%%
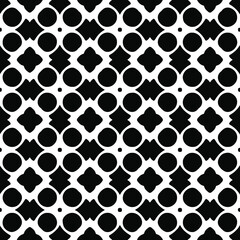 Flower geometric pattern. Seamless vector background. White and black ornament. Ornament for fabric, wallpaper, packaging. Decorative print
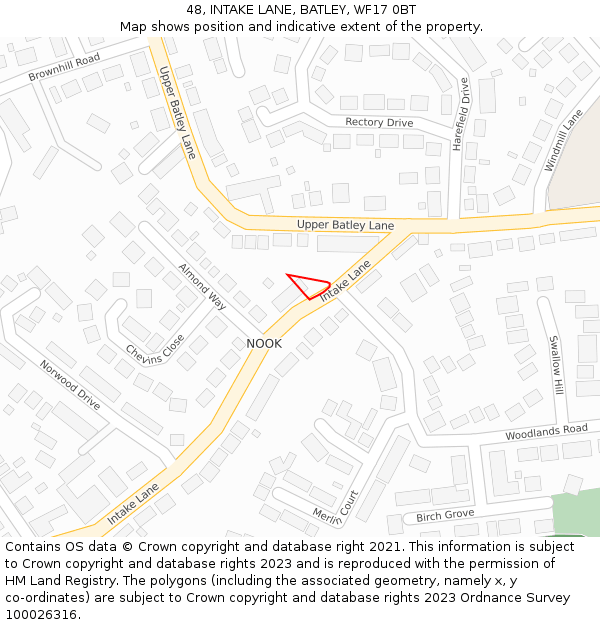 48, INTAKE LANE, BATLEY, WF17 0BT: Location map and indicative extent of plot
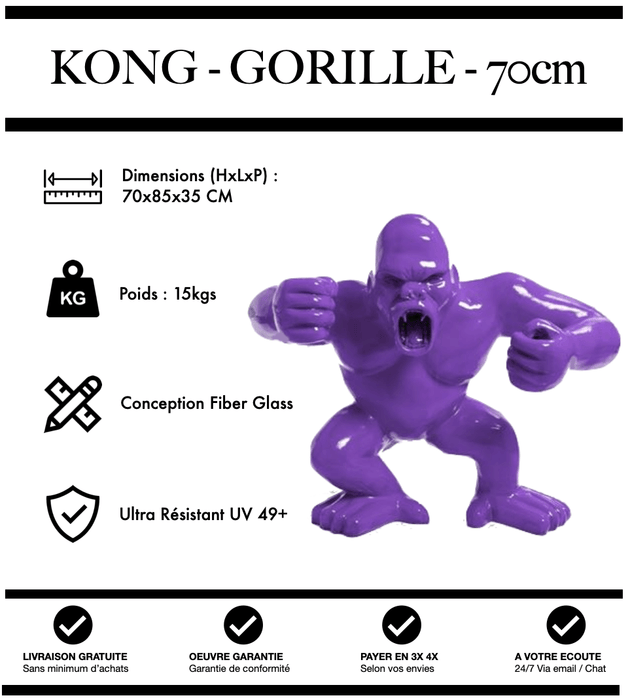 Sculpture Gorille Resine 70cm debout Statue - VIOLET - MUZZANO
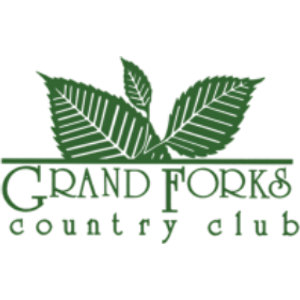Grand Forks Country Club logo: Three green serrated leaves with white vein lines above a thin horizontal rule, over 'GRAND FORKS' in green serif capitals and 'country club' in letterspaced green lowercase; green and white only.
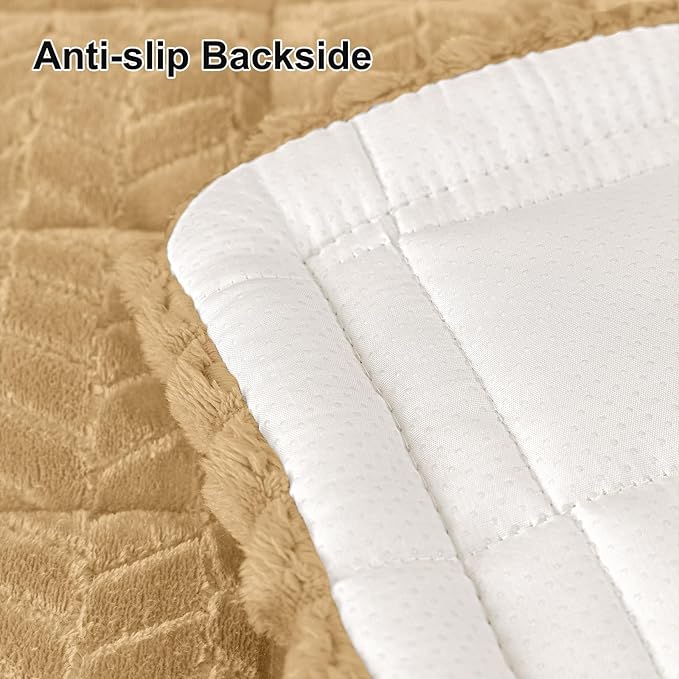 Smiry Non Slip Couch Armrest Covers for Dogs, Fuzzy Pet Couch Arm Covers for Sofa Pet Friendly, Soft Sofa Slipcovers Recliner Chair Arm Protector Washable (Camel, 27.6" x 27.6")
%%
Pictures are to be left out, while the records are copied word for word.

 Flower geometric pattern. Seamless vector background. White and black ornament. Ornament for fabric, wallpaper, packaging. Decorative print
 48, INTAKE LANE, BATLEY, WF17 0BT: Location map and indicative extent of plot
 Sculpture Gorille Resine 70cm debout Statue - VIOLET - MUZZANO
Grand Forks Country Club logo: Three green serrated leaves with white vein lines above a thin horizontal rule, over 'GRAND FORKS' in green serif capitals and 'country club' in letterspaced green lowercase; green and white only.
 Smiry Non Slip Couch Armrest Covers for Dogs, Fuzzy Pet Couch Arm Covers for Sofa Pet Friendly, Soft Sofa Slipcovers Recliner Chair Arm Protector Washable (Camel, 27.6" x 27.6")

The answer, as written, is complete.